USAID Wildlife Asia is celebrating International Women's Day 2020 by highlighting some of our team members who are leading the charge on counter wildlife trafficking. Here we profile Sallie Yang, USAID Wildlife Asia CWT Partnership Specialist.

 

How did you start working in Counter Wildlife Trafficking (CWT)?

Serendipity. After 18 years as a corporate lawyer, I took a couple of years off to travel and do a post-graduate MSc in environmental management with the National University of Singapore (as a rather mature student).  For my dissertation, I wanted to review the legal framework for the ASEAN region. My supervising professor tempered my ambition (thankfully) and advised me to select two countries instead as we do not have the time or resources to focus on all 10 ASEAN member states. One day, while I was still writing my dissertation,  my supervising professor asked if I would like to spend four months in Bangkok to help an NGO (Freeland) to organize a regional stakeholders workshop with the ASEAN Wildlife enforcement network to develop compendium of the legal framework in the ASEAN region to combat wildlife crime. I jumped at the golden opportunity to fulfil my original wish to research the same. I packed two suitcases and left for Bangkok. Five and a half years later, I’m still with Freeland, working on legal and policy reforms on CWT in the region with the USAID Wildlife Asia program. (P.S.: the legal compendium was developed and launched in 2016, entitled “ASEAN Handbook on Legal Cooperation to Combat Wildlife Crime”).

What has been your proudest moment in CWT?

  • Knowing that a paper I had helped develop on the legal framework of the ASEAN region in CWT was instrumental in Wildlife and Timber Trafficking being listed as a priority transnational crime in ASEAN at the ASEAN ministerial meeting on transnational crime.
  • When ASEAN member states come up to me and said the legal compendium which I had help developed was used in the review and drafting of their wildlife laws and policies.
  • The enactment of Thailand’s wildlife law which I have contributed to the review of.
  • A female judge I’ve worked with wrote to tell me I was one of her inspirations to fight to protect the environment.
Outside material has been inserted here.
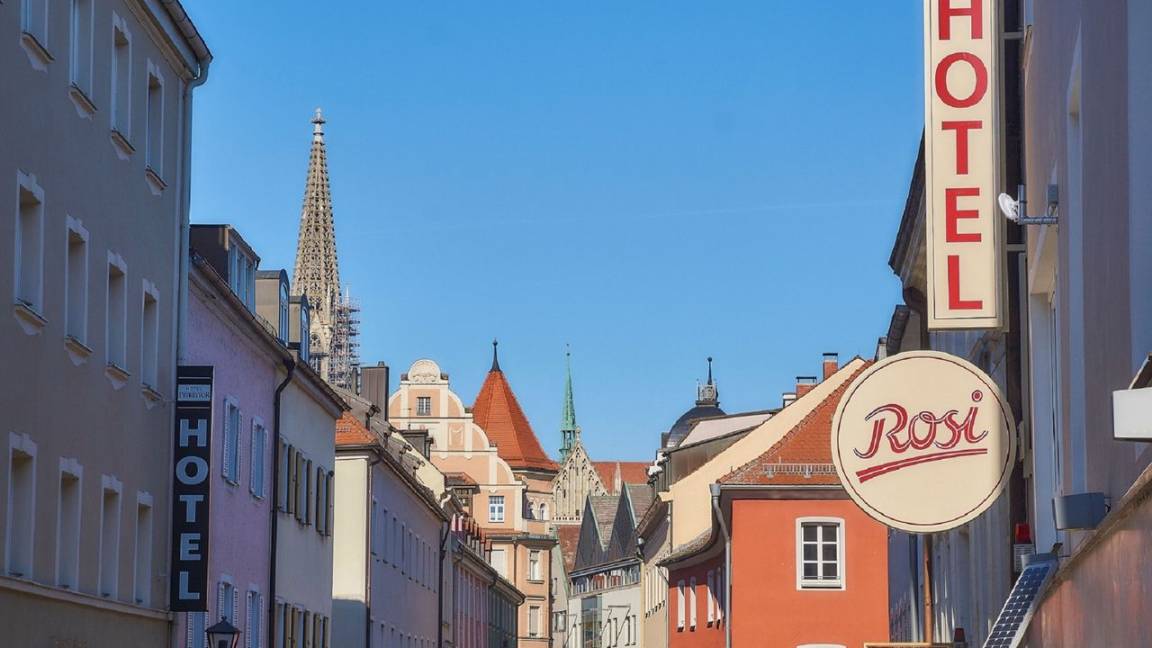 Hotel ∙ 1 Schlafzimmer ∙ 2 Gäste - Neutraubling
As a woman in CWT, how do you think we can bolster women in Counter Wildlife Trafficking? And how can we ensure greater roles for women in CWT?

We lead by example. We show them there are many important roles that women can play in CWT, then we mentor them and we must support them. Many women are already self-driven and motivated. We need to create suitable roles and a supporting system to empower women so that they can thrive. Give women roles and responsibilities, not merely tasks. Respect women. Inspire a spirit of adventure and a sense of ownership. Show women nothing is impossible if we follow our passion and principles. And most important of all, we are never too old or too late to start.